Following a decision in Carl vs. University of Sheffield 2007, anyone who teaches a series of lessons and engages in student support over time would likely be classed by an Employment Tribunal as an employee.
This is extremely important, because workers who are not employees have few legal rights. Non-employed workers are covered by the Working Time Regulations and the Part Time Workers Regulations, but are assumed not to build up service, be entitled to redundancy pay, or have a right to challenge redundancy.
Fixed term vs. Permanent contracts (employment contracts)
As noted above, many of the disadvantages some staff face are the use of fixed term clauses in contracts. In the case of HPLs this may not be stated as a fixed term contract but any contract that varies from year to year (say) might be viewed as a series of fixed term contracts of 1 year duration. The presumption of any downwards variation is that it does not consist of ‘suitable alternative employment’ and could be turned down by the employee, with the employer either making the employee redundant or increasing the offer of work. Fair processes of consultation, including collective consultation if several employees are delivering comparable teaching are important here.

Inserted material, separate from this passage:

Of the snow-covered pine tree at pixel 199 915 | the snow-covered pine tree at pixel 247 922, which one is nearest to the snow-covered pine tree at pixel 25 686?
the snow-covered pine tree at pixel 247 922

The key point about the Fixed Term Employees Regulations 2002 is that it is unlawful for a fixed term employee to suffer a detriment simply because they are fixed term, as against a permanent employee. This detriment would include any refusal to pool fixed term and permanent employees together in a situation where the employer wishes to reduce the salary of, or make redundant the fixed term employee.

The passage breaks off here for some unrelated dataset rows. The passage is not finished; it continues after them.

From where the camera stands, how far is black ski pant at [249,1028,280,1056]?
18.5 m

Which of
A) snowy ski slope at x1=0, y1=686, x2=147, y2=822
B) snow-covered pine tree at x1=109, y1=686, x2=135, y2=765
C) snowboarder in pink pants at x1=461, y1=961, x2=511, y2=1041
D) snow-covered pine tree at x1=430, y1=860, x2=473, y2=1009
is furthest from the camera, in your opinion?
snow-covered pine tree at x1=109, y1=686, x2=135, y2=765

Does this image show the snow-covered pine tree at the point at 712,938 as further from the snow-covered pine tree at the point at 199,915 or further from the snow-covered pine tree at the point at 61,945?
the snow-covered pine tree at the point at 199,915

Remember: any reduction in salary (e.g. due to loss of teaching hours) makes the contract not ‘suitable alternative employment’ and can be challenged.
Part time vs. full time contracts
Part time staff face a number of disadvantages compared to full time colleagues in most cases. The Part Time Workers Regulations essentially say that part time staff who are doing work which is comparable with a full-time colleague should:
- be paid at the same rate or better
- should not suffer any other detriment (e.g. worse holiday entitlement, not offering training offered to full-timers) as a result of being part time
- – unless such treatment is ‘objectively justified’.
Note that the different types of frequently used lecturing contracts need to be considered in terms of these three questions.
Usually if the employer says that a contract is fixed term they won’t argue that the staff member is not an employee, but HPLs may be issued with ‘worker’ (‘as and when’) contracts for some or all of their employment.
Clarifying any legal ambiguity is important, because if the employer maintains that staff are workers but not employees then the first task to establish is whether some or all of the workers are in fact employees according to the criteria listed in 1(a)-(c) above. The link to the UCU Sheffield judgment in this case is very helpful in explaining in everyday language what this means for lecturers. Also see chapter 6 of the UCU Hourly Paid survival guide.
Finally, some rights do exist for ‘workers’ as well as employees.
Very often, employers claim that holiday pay is ‘rolled up’ in the HPL hourly rate and do not itemise holiday pay on pay slips, contracts or letters of engagement.
The Working Time Regulations 1998 state clearly that holiday pay must be paid and must accounted for separately, irrespective of the type of contract. The legislation also states that all workers are entitled to the same annual leave as permanent staff. If it has not been distinguished in payslips or in a letter of contract then the employer is in breach. They are not allowed to argue that it has been “rolled up” into a total amount.
UCL colleagues report that one of the things that encouraged fractionalisation immensely at their institution was the discovery that the institution was failing to properly account for and pay holiday pay, which in their case worked out at more than an 18% deficit. Note that this is a simple case to make from payslips once you know the correct percentage (how to calculate holiday pay).
Once you know the ‘Holiday Uplift Factor’ you can take any salary payment where holiday has not been accounted for in the contract or payslip and simply multiply it by that amount, and send HR the bill! You can then point out to the employer that this expensive mistake would not have happened if the HPLs were given fractional contracts and paid on the payroll system.
Haringey Council’s Adult Learning Service was made to pay back-payments to staff on an identical argument. You can argue that the employer should back-date payments as far back as 6 years, which would be a popular demand amongst staff!